Low overhead is achieved by lazy loading - instead of eagerly populating the types with fields, various attributes, names, etc. these are read on demand from the underlying data source (metadata). Caching is used conservatively.

Where necessary, partial classes, extension methods, and pluggable algorithms are used to achieve goal 3 instead of polymorphism and object hierarchies. The reusability of the type system is at the source level (source-including different sets of files to get different features).
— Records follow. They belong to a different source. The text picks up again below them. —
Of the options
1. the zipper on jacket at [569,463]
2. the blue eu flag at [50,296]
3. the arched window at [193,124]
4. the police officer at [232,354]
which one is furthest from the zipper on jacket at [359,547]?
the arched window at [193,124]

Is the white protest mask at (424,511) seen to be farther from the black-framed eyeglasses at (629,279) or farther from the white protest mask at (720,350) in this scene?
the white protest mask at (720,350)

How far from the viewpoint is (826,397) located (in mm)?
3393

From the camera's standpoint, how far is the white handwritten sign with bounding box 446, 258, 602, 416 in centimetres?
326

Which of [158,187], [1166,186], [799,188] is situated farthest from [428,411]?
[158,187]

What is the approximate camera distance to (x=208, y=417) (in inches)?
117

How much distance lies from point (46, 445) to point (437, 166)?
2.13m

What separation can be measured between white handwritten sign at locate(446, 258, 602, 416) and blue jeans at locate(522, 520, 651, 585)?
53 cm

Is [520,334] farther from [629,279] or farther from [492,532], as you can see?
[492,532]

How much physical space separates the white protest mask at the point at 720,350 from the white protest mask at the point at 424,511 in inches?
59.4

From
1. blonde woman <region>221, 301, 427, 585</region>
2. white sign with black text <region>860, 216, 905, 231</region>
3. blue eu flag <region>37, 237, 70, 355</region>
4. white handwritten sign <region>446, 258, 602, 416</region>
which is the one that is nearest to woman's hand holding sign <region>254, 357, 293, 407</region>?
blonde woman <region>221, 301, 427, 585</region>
This allows extensibility without making sacrifices that would take us away from goal 1.

The type system in its purest form (i.e. without any partial class extensions) tries to avoid introducing concepts that are not defined in the ECMA-335 specification. The specification is a suggested prerequisite reading to this document and provides definitions to various terms used in this document.
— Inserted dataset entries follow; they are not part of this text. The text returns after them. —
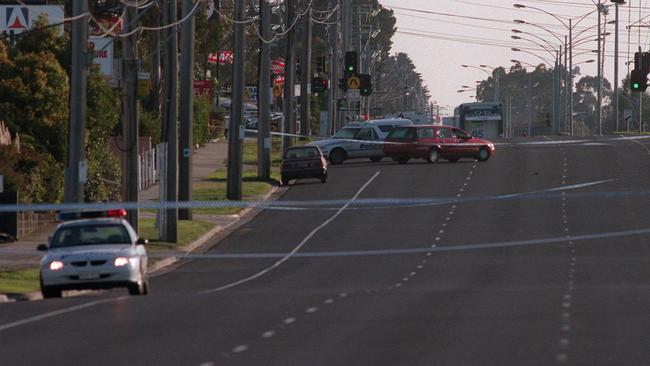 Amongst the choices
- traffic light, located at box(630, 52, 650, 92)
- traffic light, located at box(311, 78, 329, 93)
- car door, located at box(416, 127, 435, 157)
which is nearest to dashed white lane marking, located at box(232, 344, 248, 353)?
car door, located at box(416, 127, 435, 157)

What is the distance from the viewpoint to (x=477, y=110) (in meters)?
96.9

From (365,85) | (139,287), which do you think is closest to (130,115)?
(139,287)

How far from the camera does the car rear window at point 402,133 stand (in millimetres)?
63750

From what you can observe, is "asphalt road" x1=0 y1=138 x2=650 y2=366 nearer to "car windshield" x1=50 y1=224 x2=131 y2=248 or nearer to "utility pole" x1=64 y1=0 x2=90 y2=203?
"car windshield" x1=50 y1=224 x2=131 y2=248

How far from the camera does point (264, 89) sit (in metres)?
55.1

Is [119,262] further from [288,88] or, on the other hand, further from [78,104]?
[288,88]

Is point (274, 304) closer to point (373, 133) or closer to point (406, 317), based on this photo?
point (406, 317)

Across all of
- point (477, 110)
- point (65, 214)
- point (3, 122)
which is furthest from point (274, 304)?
point (477, 110)

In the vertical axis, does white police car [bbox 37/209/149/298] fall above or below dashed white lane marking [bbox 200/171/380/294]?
above

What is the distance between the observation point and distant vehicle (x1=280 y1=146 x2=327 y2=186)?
56.1 meters

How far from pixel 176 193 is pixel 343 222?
6.99m

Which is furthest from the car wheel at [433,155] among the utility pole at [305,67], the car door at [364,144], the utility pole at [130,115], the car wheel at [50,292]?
the car wheel at [50,292]

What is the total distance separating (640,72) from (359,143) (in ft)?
45.3

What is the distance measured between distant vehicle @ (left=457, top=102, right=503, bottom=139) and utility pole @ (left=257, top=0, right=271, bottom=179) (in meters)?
39.9
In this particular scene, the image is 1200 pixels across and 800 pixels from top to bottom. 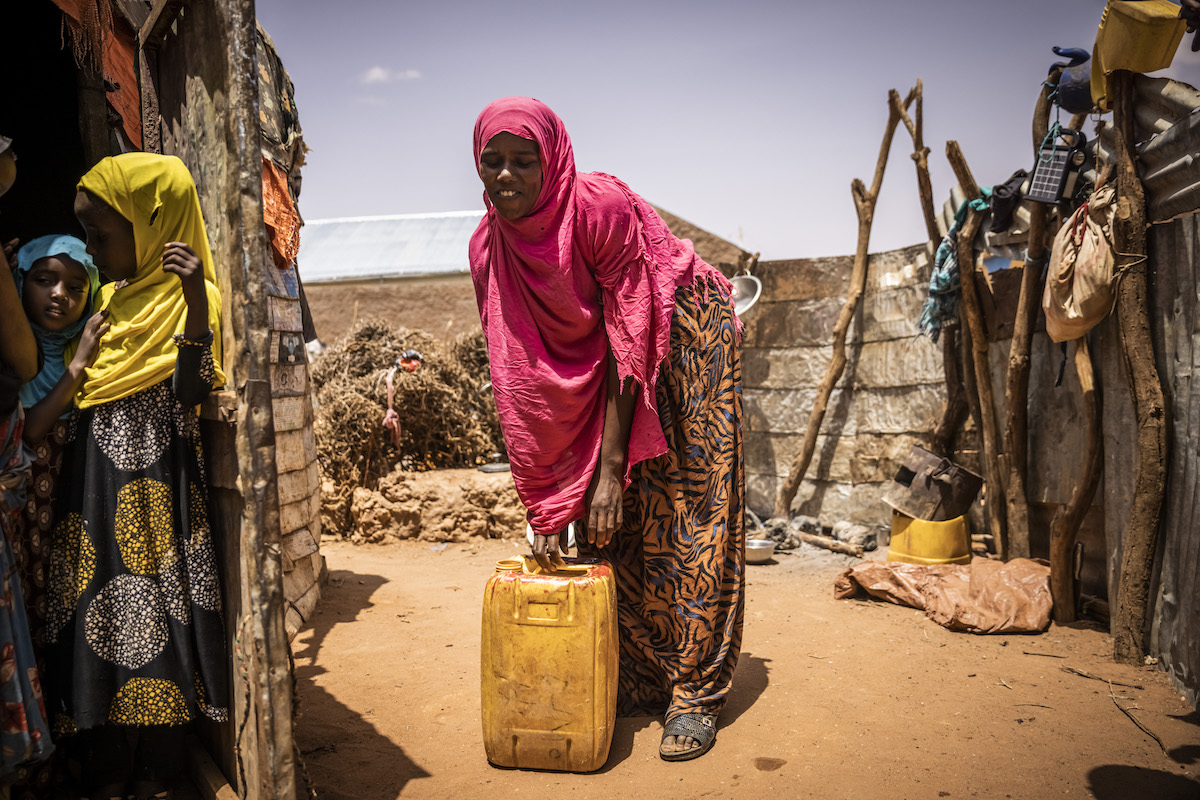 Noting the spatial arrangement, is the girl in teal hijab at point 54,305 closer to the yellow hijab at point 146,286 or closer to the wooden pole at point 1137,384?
the yellow hijab at point 146,286

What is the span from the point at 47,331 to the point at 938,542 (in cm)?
498

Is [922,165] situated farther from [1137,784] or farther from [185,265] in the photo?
[185,265]

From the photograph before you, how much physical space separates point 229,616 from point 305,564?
103 inches

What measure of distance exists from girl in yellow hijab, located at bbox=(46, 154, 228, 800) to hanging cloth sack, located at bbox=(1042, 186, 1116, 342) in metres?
3.82

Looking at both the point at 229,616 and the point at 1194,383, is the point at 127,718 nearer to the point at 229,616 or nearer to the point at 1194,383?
the point at 229,616

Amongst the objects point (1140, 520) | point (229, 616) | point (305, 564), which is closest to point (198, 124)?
point (229, 616)

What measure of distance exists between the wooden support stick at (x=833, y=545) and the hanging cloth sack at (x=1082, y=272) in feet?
8.63

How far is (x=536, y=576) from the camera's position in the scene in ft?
8.43

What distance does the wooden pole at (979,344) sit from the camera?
5312 mm

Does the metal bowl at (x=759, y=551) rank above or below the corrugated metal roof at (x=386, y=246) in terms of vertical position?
below

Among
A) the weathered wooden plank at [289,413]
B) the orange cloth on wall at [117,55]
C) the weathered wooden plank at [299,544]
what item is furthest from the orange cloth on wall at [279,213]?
the weathered wooden plank at [299,544]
Relationship with metadata

While metadata (such as the file formats described in the ECMA-335 specification) has a close relationship with the type system, there is a clear distinction between these two: the metadata describes physical shape of the type (e.g. what is the base class of the type; or what fields does it have), but the type system builds higher level concepts on top of the shape (e.g. how many bytes are required to store an instance of the type at runtime; what interfaces does the type implement, including the inherited ones).

The type system provides access to most of the underlying metadata, but abstracts the way it was obtained. This allows types and members that are backed by metadata in other formats, or in no physical format at all (such as methods on array types), to be representable within the same type system context.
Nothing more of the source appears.